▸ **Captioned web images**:
○ ○ ○ ○ ○ ○ ○

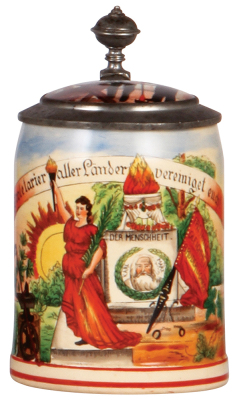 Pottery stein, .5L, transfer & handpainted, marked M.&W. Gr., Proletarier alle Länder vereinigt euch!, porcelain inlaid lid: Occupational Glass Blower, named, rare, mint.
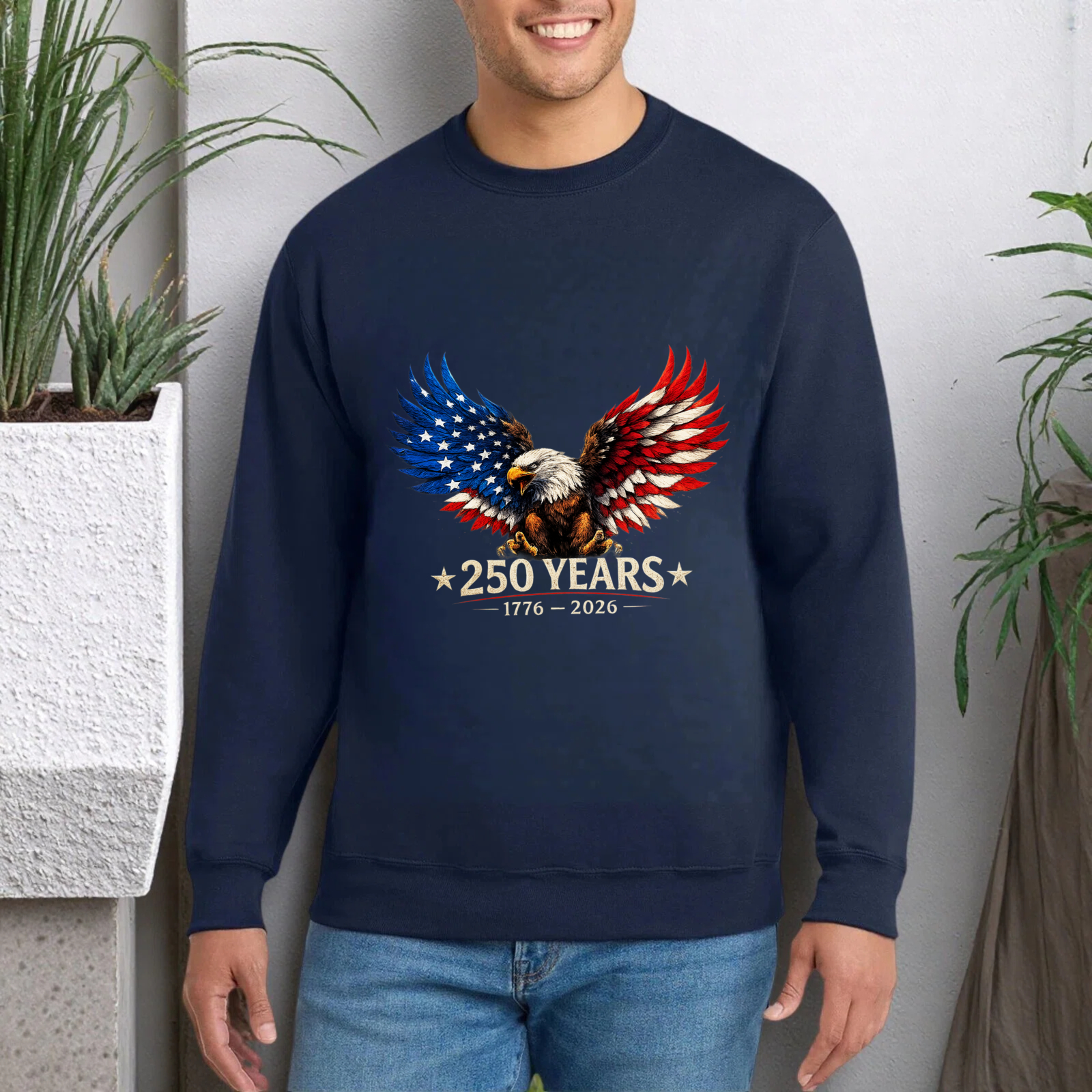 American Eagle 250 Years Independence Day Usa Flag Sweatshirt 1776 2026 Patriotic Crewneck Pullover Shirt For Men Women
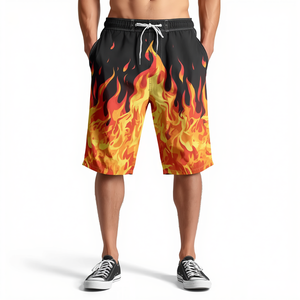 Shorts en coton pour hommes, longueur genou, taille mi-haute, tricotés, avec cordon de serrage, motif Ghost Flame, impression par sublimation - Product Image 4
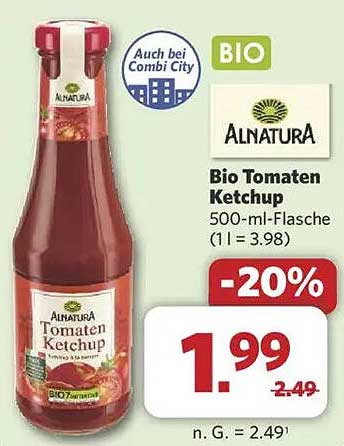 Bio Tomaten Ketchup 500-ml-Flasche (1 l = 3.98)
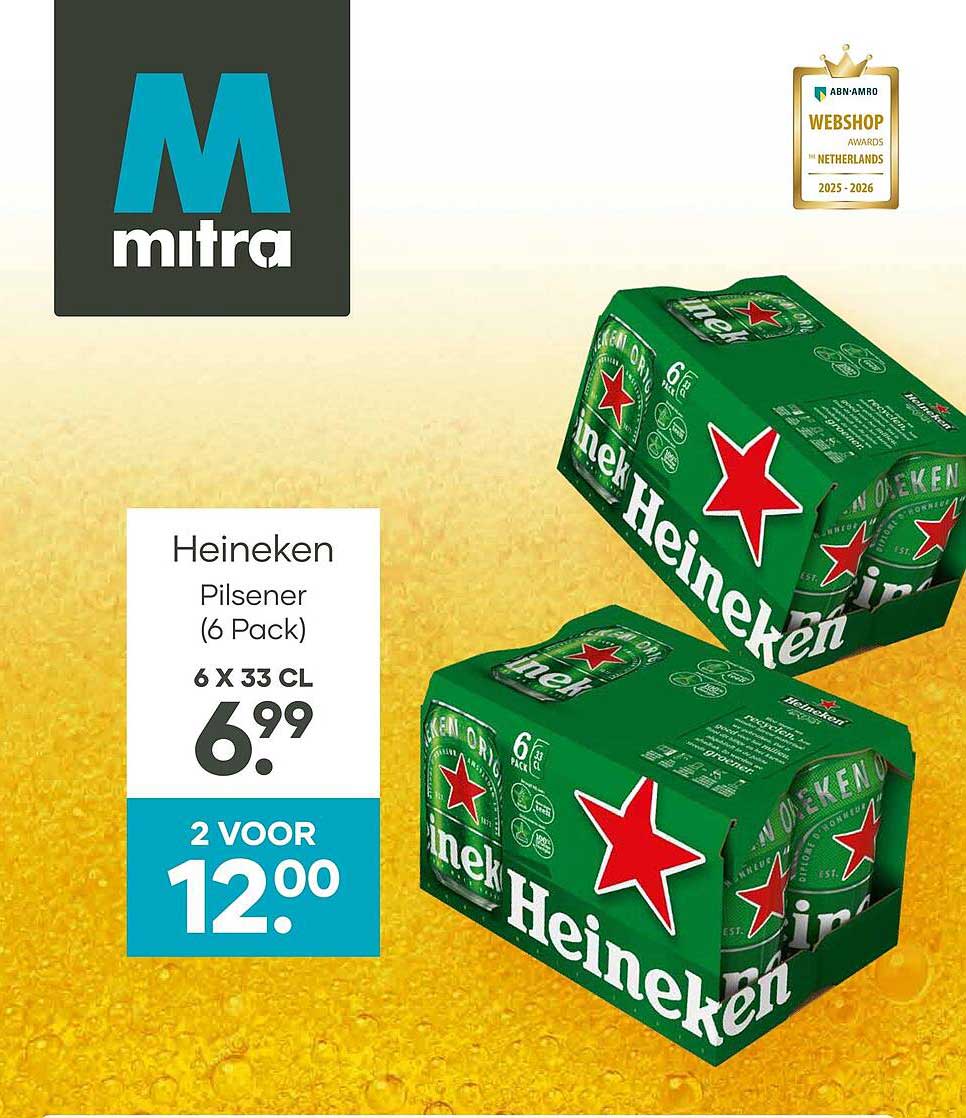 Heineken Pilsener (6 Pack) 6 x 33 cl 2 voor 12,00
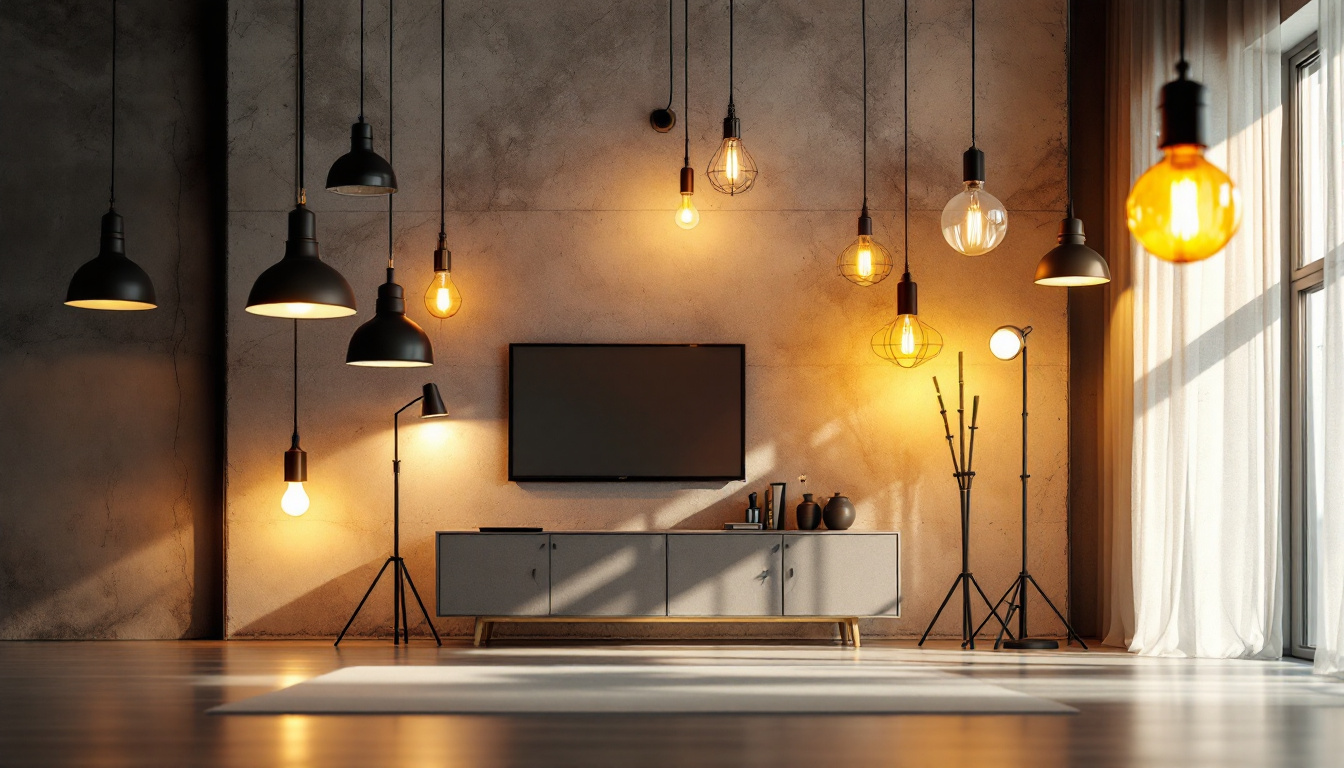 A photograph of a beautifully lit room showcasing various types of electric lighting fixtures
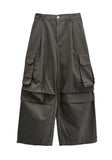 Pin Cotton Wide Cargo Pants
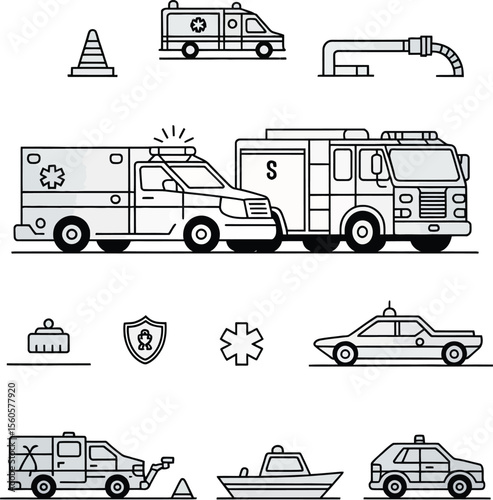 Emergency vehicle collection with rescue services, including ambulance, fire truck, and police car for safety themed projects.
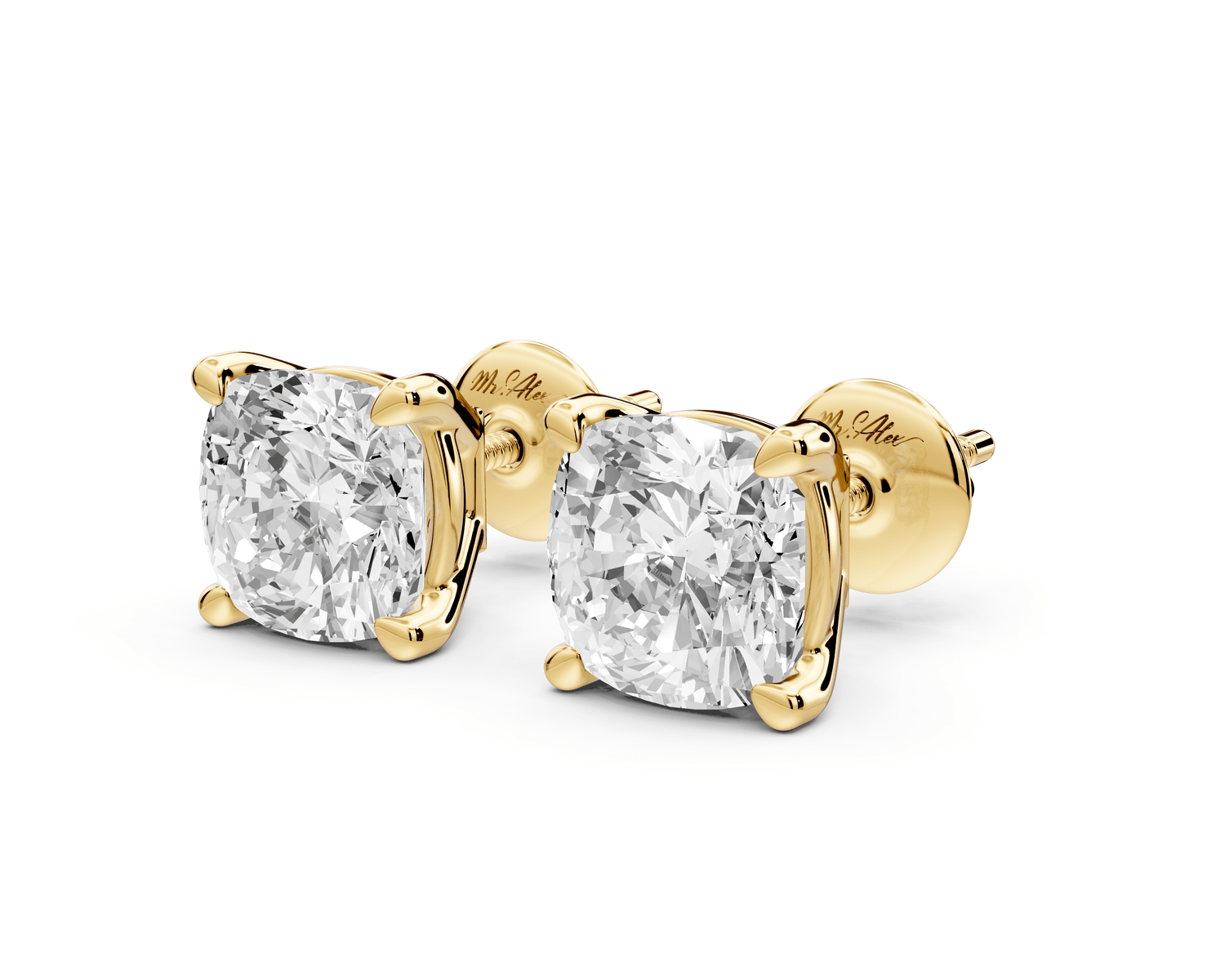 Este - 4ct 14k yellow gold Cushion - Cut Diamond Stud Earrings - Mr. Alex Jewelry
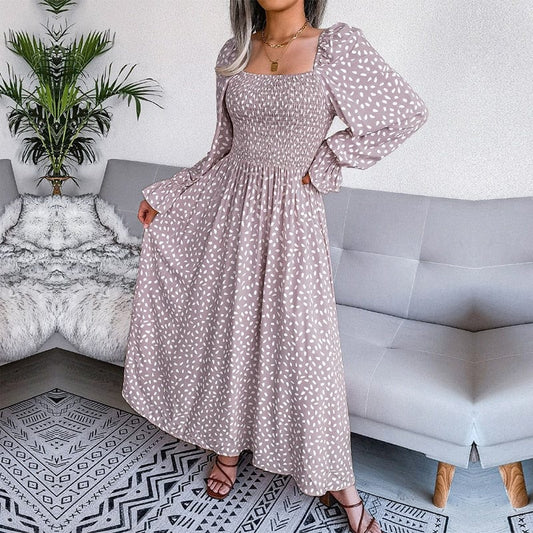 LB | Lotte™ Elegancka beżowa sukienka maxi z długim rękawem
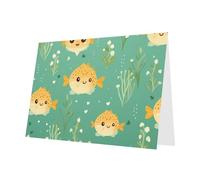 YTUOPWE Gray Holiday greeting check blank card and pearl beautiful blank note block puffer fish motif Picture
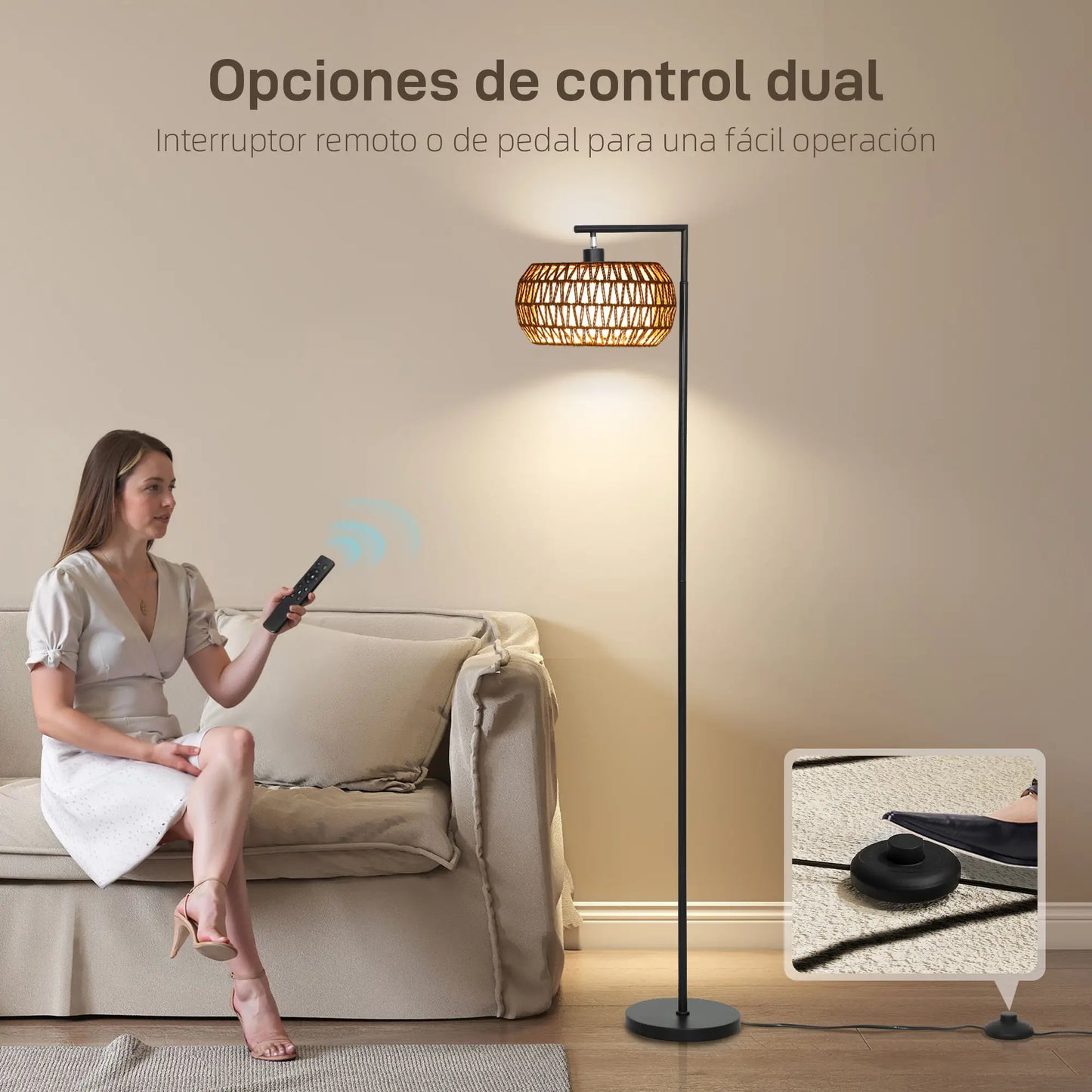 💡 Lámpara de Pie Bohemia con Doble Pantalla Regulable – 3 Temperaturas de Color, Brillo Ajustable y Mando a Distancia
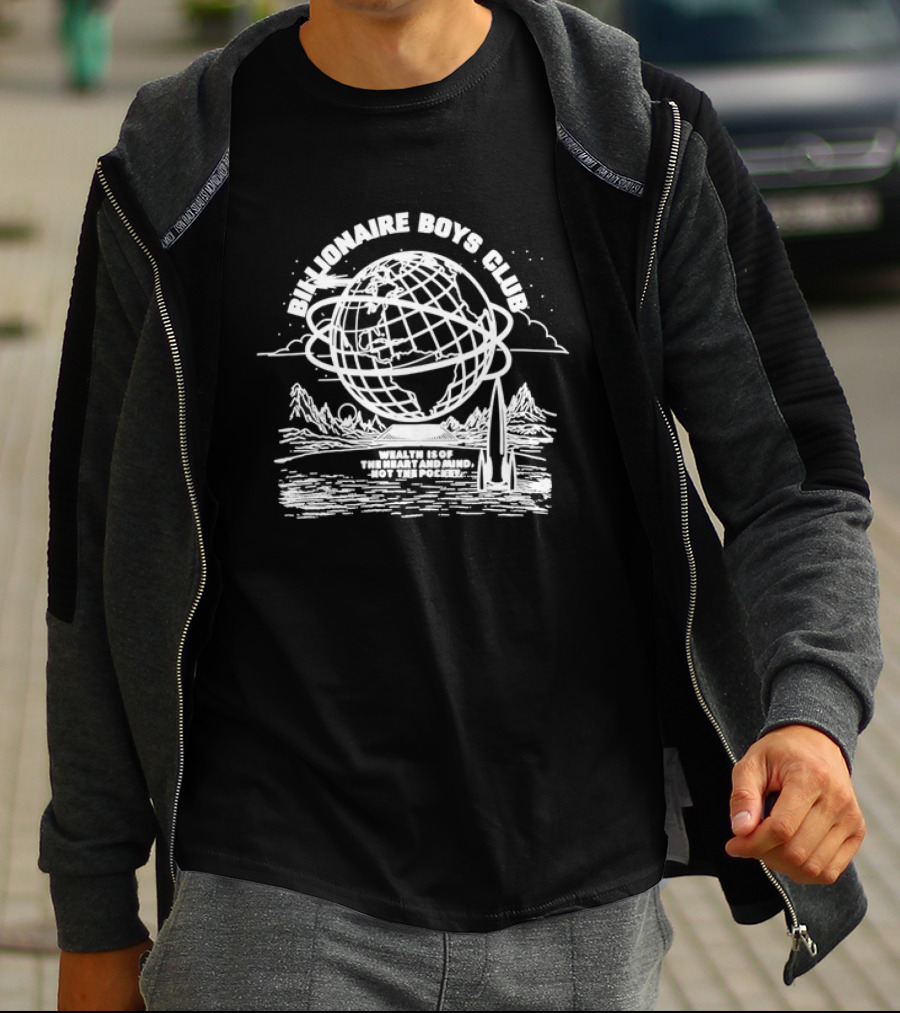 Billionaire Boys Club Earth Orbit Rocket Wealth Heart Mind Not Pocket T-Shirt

○ ○ ○ ○ ○ ○ ○

▸ **Directions**: Your answer is the exact run of lines above from the one with "A photograph of" through the one with "YTUOPWE Gray Holiday", both ends included, minus any picture.

▸ **Task result**:
 A photograph of a beautifully lit room showcasing various types of electric lighting fixtures
 Pin Cotton Wide Cargo Pants
 Emergency vehicle collection with rescue services, including ambulance, fire truck, and police car for safety themed projects.
 Este - 4ct 14k yellow gold Cushion - Cut Diamond Stud Earrings - Mr. Alex Jewelry
 LB | Lotte™ Elegancka beżowa sukienka maxi z długim rękawem
 YTUOPWE Gray Holiday greeting check blank card and pearl beautiful blank note block puffer fish motif Picture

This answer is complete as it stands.